Plants can reach up to 1.8m tall, which means that if your site isn’t well sheltered you may need to individually stake plants by tying them into bamboo canes wedged next to them. Another method of offering extra support is to bank up the soil against the base of each stem into which new roots can grow to anchor the plant. If any roots appear above ground you will, in any case, need to cover them over with soil or compost. Side shoots, known as tillers, may also appear near the base – leave these intact, as removing them can reduce the yield.

Harvesting

Early varieties of sweet corn will yield their first cobs in late July or early August, while the season comes to a close with late-developing types in October. An old American saying advises that you should walk to the plants to harvest your cobs and run back with them – a tradition worth adhering to, because freshness is of the essence!

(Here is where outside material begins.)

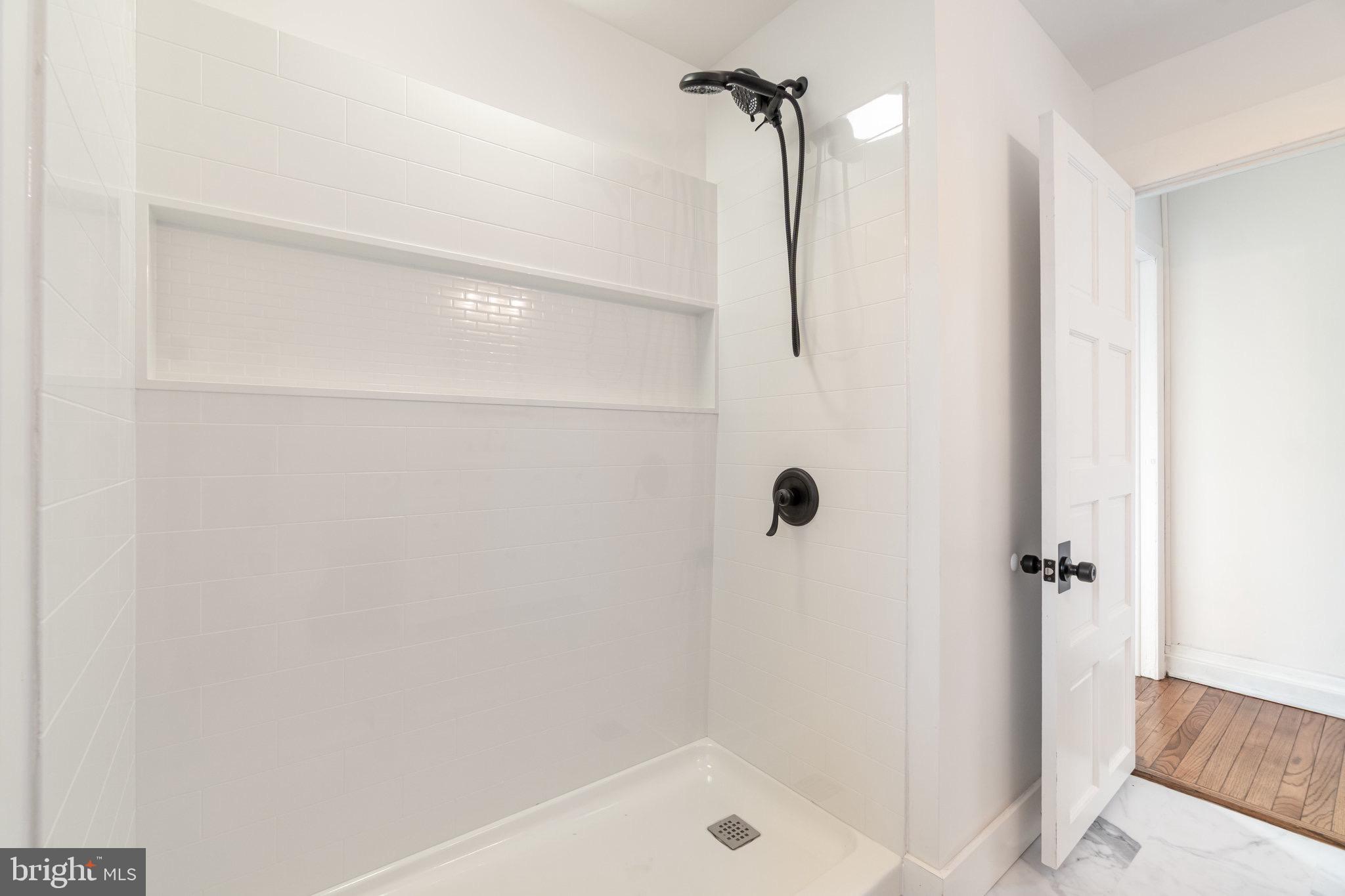 101 Fairview Avenue Waynesboro, PA 17268 - Photo 27 of 39 Full Bath on the second level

A flat sprint may be a little extreme, but it is true that the high sugar levels that have been bred into sweet corn begin converting to starch within hours of picking. That’s why the taste of freshly-plucked home-grown corn is so superior to shop-bought versions.

You will know it is almost time for picking when the silky tassels on the developing cobs turn a chocolate brown and start to wither. At this point, gently peel back the protective sheath to inspect the corn. Squeeze a kernel with your thumb nail. If a clear liquid oozes out then wait a little while longer, but if a creamy elixir appears then it’s time to pick your crop. If there’s no liquid you have waited too long. Harvest the cobs by twisting them sharply away from the plant, or use a pair of secateurs to cut them free. In a good summer you may get two per plant but don’t be disappointed if you only achieve one.